Only the lines of the listing below that run from the line with "A Single Man Full Movie 2009 (720p & 1080p)" through the line with "Photos of 2020" are to be set down, word for word. Pictures stay out.
Input for this task Start Marker
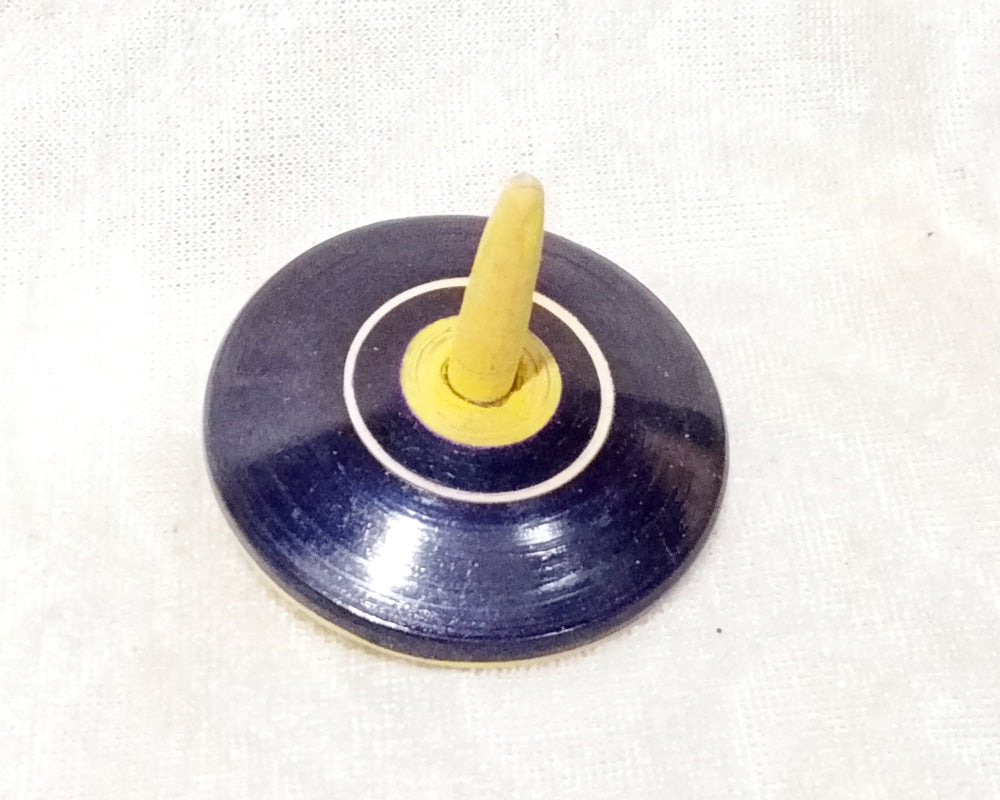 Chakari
Input for this task End Marker
Input for this task Start Marker
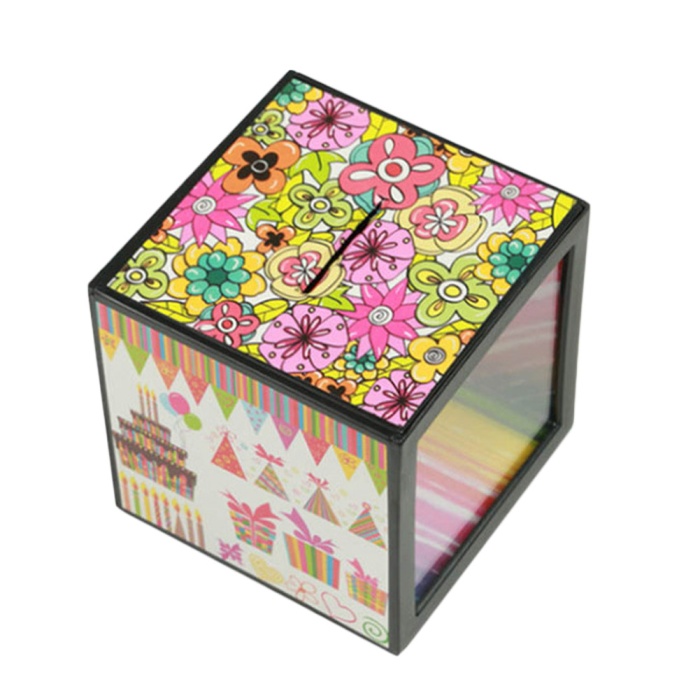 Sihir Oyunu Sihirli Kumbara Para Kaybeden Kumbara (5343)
Input for this task End Marker
Input for this task Start Marker
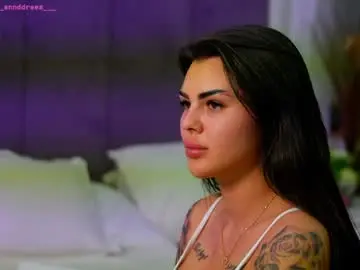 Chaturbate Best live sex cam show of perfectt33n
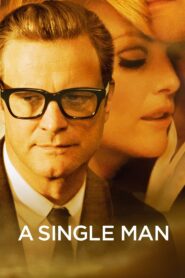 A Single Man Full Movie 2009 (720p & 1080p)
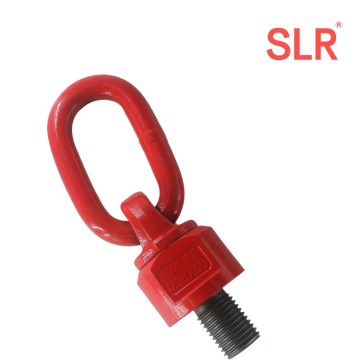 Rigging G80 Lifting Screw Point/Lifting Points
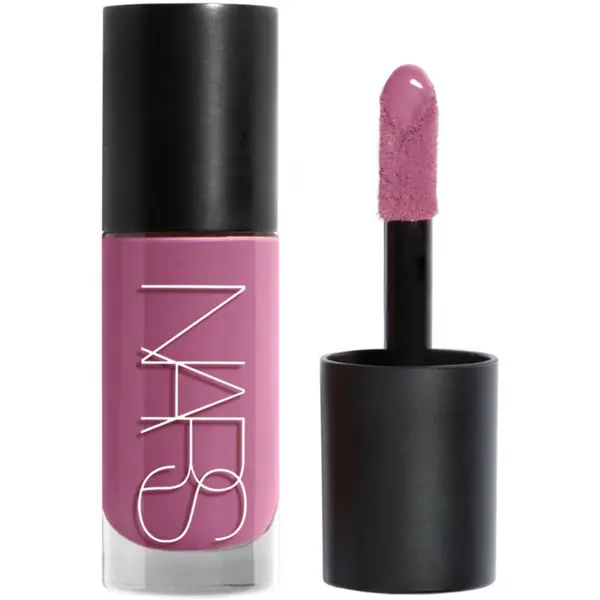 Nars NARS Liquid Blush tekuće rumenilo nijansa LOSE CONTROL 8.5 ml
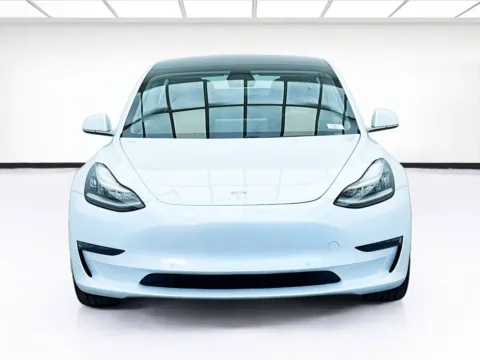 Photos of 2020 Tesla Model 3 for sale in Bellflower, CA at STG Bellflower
Input for this task End Marker
**Solution to the exercise**
 A Single Man Full Movie 2009 (720p & 1080p)
 Rigging G80 Lifting Screw Point/Lifting Points
 Nars NARS Liquid Blush tekuće rumenilo nijansa LOSE CONTROL 8.5 ml
 Photos of 2020 Tesla Model 3 for sale in Bellflower, CA at STG Bellflower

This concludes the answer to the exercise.